• _Problem statement_
Produce a word-for-word copy of the lines from the one that contains "Peut inclure: Un" to the final line of the data below, with all pictures dropped.

• _Information provided_
********************
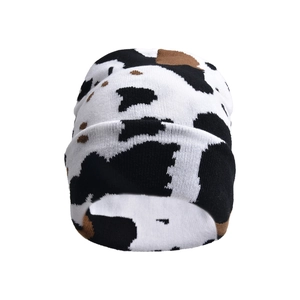 Detailed view of the cow print pattern and soft knit texture on the warm beanie hat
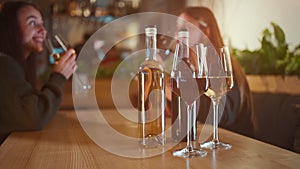 happy female friend company celebrate and drink red and white wine in restaurant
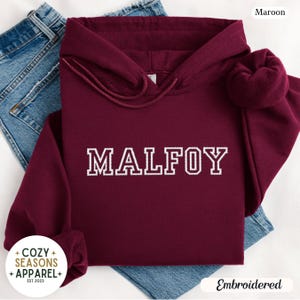 Peut inclure: Un sweat &agrave; capuche bordeaux avec le nom "MALFOY" brod&eacute; en blanc. Le sweat &agrave; capuche a une capuche &agrave; cordon et des manches longues. Les mots "Cozy Seasons Apparel" sont dans un logo circulaire en bas &agrave; gauche. Le mot "Embroidered" est en bas &agrave; droite.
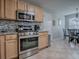 Well-equipped kitchen with stainless steel range, microwave, and adjacent dining area at 3432 Fairfield St, The Villages, FL 32162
********************
• _Result of this exercise_
 Peut inclure: Un sweat &agrave; capuche bordeaux avec le nom "MALFOY" brod&eacute; en blanc. Le sweat &agrave; capuche a une capuche &agrave; cordon et des manches longues. Les mots "Cozy Seasons Apparel" sont dans un logo circulaire en bas &agrave; gauche. Le mot "Embroidered" est en bas &agrave; droite.
 Well-equipped kitchen with stainless steel range, microwave, and adjacent dining area at 3432 Fairfield St, The Villages, FL 32162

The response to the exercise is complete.